William S. Burroughs: Bergamot Redux 1995-2025
Robert Berman Gallery, 2525 Michigan Avenue, #A5, Santa Monica, CaliforniaThrough September 30
Allen Ginsberg, “William Burroughs Slightly Zonked” (1961), mural, RC photographic paper (picture courtesy Robert Berman Gallery)
In 1995, Robert Berman Gallery and Observe 16 Gallery mounted Concrete and Buckshot, one of many first exhibitions of William S. Burroughs’s visible artwork in Los Angeles. Thirty years later, Berman restages and expands that present with William S. Burroughs: Bergamot Redux. This enlarged iteration contains Burroughs’s summary work from the Nineteen Nineties and his woodcut and screenprint sequence The Seven Lethal Sins (1991), alongside art work by Dennis Hopper and images by Christopher Felver, John Colao, and Allen Ginsberg.
A Nice Day in East L.A.: Celebrando the Eastside Sound
LA Plaza de Cultura y Artes, 501 North Most important Avenue, Downtown, Los AngelesThrough August 23, 2026
Piero F. Giunti, “Aztlan Underground” (2014–25), archival pigment print (© Piero F. Giunti; picture courtesy the artist)

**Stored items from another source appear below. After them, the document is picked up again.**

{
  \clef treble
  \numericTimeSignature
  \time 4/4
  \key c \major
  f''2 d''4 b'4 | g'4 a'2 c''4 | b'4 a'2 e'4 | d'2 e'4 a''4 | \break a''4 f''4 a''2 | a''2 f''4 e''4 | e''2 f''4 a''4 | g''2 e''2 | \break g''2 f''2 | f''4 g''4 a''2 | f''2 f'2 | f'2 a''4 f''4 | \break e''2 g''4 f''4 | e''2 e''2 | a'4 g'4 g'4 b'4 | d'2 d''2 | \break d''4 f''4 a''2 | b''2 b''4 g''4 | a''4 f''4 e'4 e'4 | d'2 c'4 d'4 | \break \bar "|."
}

For many years, LA’s better Eastside has cultivated a multi-generational Latinx music scene spanning rock, soul, punk, hip hop, and conventional Mexican music that has expanded past its native roots to realize widespread recognition. A Nice Day in East L.A. showcases the pictures of Piero F. Giunti, who has collaborated for the previous 10 years with musician Mark Guerrero to doc the tales and pictures of this numerous group of musicians, together with ¡Aparato!, Aztlan Underground, Mezklah, Cambalache, Los Lobos, and The Brat. Alongside Giunti’s portraits, the exhibition gathers over 500 albums, devices, flyers, costumes, movies, and different ephemera, offering a complete historical past of this vibrant group.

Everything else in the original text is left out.